We all set around waiting for the clouds to move out while praying the storms/rain would stay south of us, which they did.  In the meantime everyone focused there lens to infinity using white clouds in the north and then marked their lenses to be able to get back to that setting when it was too dark to see.  For those using zoom lenses the instructor had gaffer's tape which he used to mark their settings to prevent their lenses from accidentally moving.  Once you find the infinity focal length you must switch the camera to "manual focus". 

While waiting for the clouds to move out of the way of the Milky Way I looked behind me and just could not pass up this shot.

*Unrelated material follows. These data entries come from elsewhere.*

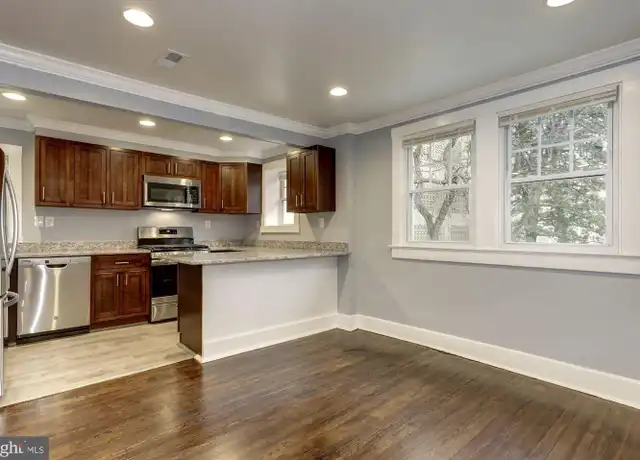 Property at 811 Thayer Ave #2, Silver Spring, MD, 20910, 2 beds, 2 baths, [object Object]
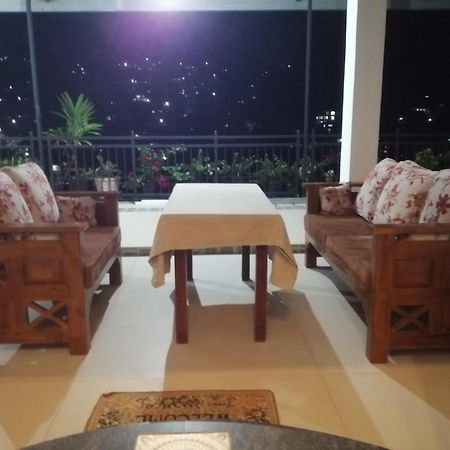 Luxury Apartment The Walkers Nest Kandy Eksteriør bilde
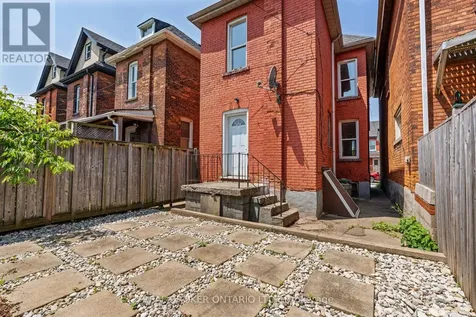 40 Ashley Street Hamilton (landsdale) ON L8L 5S6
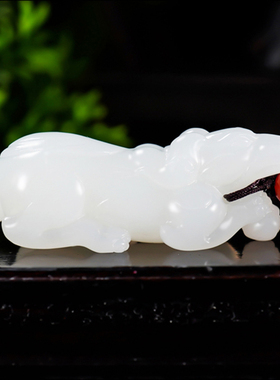新疆大师郭磊作品和田玉高白羊脂白玉旺财20.23克
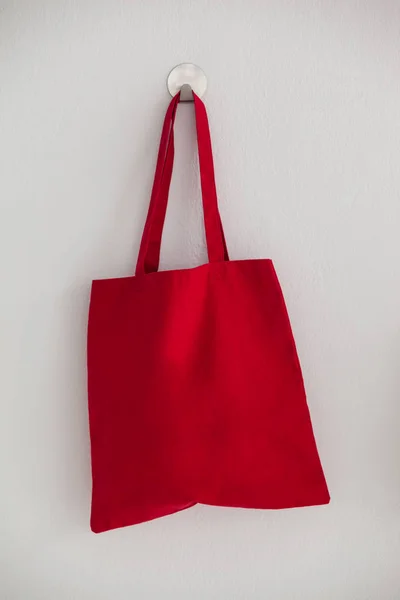 Червона сумка висить на стіні — стокове фото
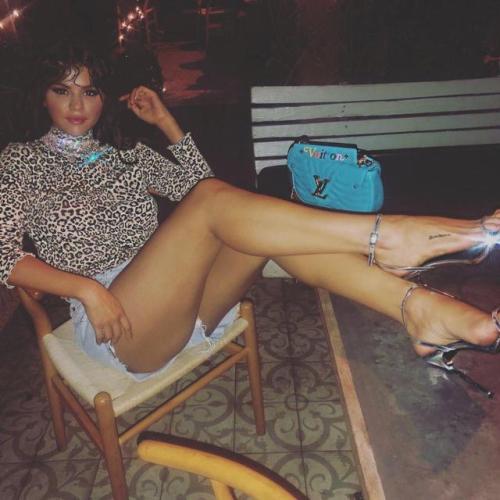 hot-celebrity-legs - Selena Gomez...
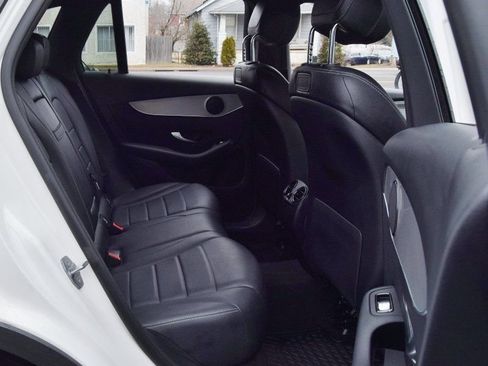 Used 2019 Mercedes-Benz GLC 300 4MATIC image 33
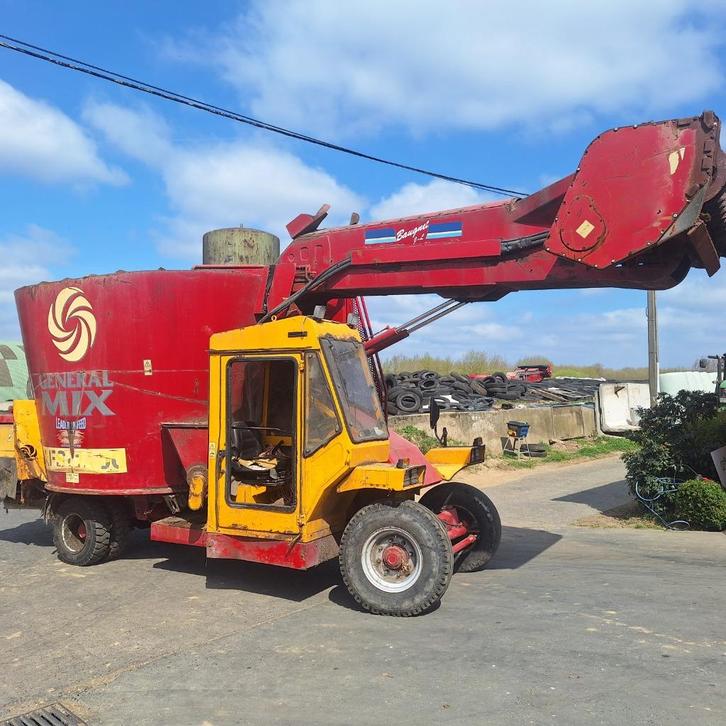 Voermengwagen 14 m³, Zakelijke goederen, Landbouw | Werktuigen, Ophalen of Verzenden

The sky was clear except for a few clouds with very low opacity and the heaven was blanketed with stars. 

For this composition I used the Nikon D750 on a tripod and the 20mm lens.  My aperture was almost wide open at f/2.  My shutter speed was set for 20 seconds and my ISO was at 6400.  What can I say, lot of noise but was able to remove a lot of it in post processing.

Well at around 11:00 PM the Milky Way began to show itself.  In this image there is still some cloud coverage between the Milky Way and the top of the rocks so parts of the Milky Way are still hidden.  With and ISO of 6400, an aperture of f/2 and shutter speed of 20 seconds I was able to capture this image.

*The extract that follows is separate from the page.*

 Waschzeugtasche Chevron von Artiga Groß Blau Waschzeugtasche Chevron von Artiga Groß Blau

Probably the best shot for ME because the Clouds had moved out and it was around 2:00 AM.  Everything I have read is that the Milky Way is at its brightest during the summer months when it is in the norther hemisphere, best seen during a "New Moon", and reflects its best light between 2 AM to 4 AM in the morning.  

Nikon D750 with 20mm Lens, Aperture at f/2, Shutter set to 15 seconds and ISO at 6400.  In the future I will opt for settings of f/2 or f/2.8, Shutter somewhere between 20-25 seconds, and ISO at 3200.  The secret is in post processing and shooting in RAW Format so that no data is thrown away by your camera.

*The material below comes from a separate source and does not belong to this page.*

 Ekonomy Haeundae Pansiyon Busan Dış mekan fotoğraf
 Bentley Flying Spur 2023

The Milky Way: A galaxy contains stars, gas and dust. In a spiral galaxy like the Milky Way, the stars, gas, and dust are organized into a "bulge," a "disk" containing "spiral arms," and a "halo." Elliptical galaxies have a bulge-like central region and a halo, but do not have a disk. Bulge: The bulge is a round structure made primarily of old stars, gas, and dust. The outer parts of the bulge are difficult to distinguish from the halo. The bulge of the Milky Way is roughly 10,000 light years across. Disk: The disk is a flattened region that surrounds the bulge in a spiral galaxy. The disk is shaped like a pancake. The Milky Way's disk is 100,000 light years across and 1,000 light years thick. It contains mostly young stars, gas and dust, which are concentrated in spiral arms. Some old stars are also present. Spiral Arms: The spiral arms are curved extensions that begin at the bulge of a spiral galaxy, giving it a "pinwheel" appearance. Spiral arms contain a lot of gas and dust as well as young blue stars. Spiral arms are found only in spiral galaxies. Halo: The halo primarily contains individual old stars and clusters of old stars ("globular clusters"). The halo also contains "dark matter," which is material that we cannot see but whose gravitational force can be measured. The Milky Way's halo may be over 130,000 light years across.  Stars, Gas, and Dust: Stars come in a variety of types. Blue stars, which are very hot, tend to have shorter lifetimes than red stars, which are cooler. Regions of galaxies where stars are currently forming are therefore bluer than regions where there has been no recent star formation. Spiral galaxies seem to have a lot of gas and dust, while elliptical galaxies have very little gas or dust.

I am intrigued with night photography and plan to continue to pursue it so as to improve my skills. Planning a trip in August to to photograph the Milky Way.  Thanks for visiting my Blog.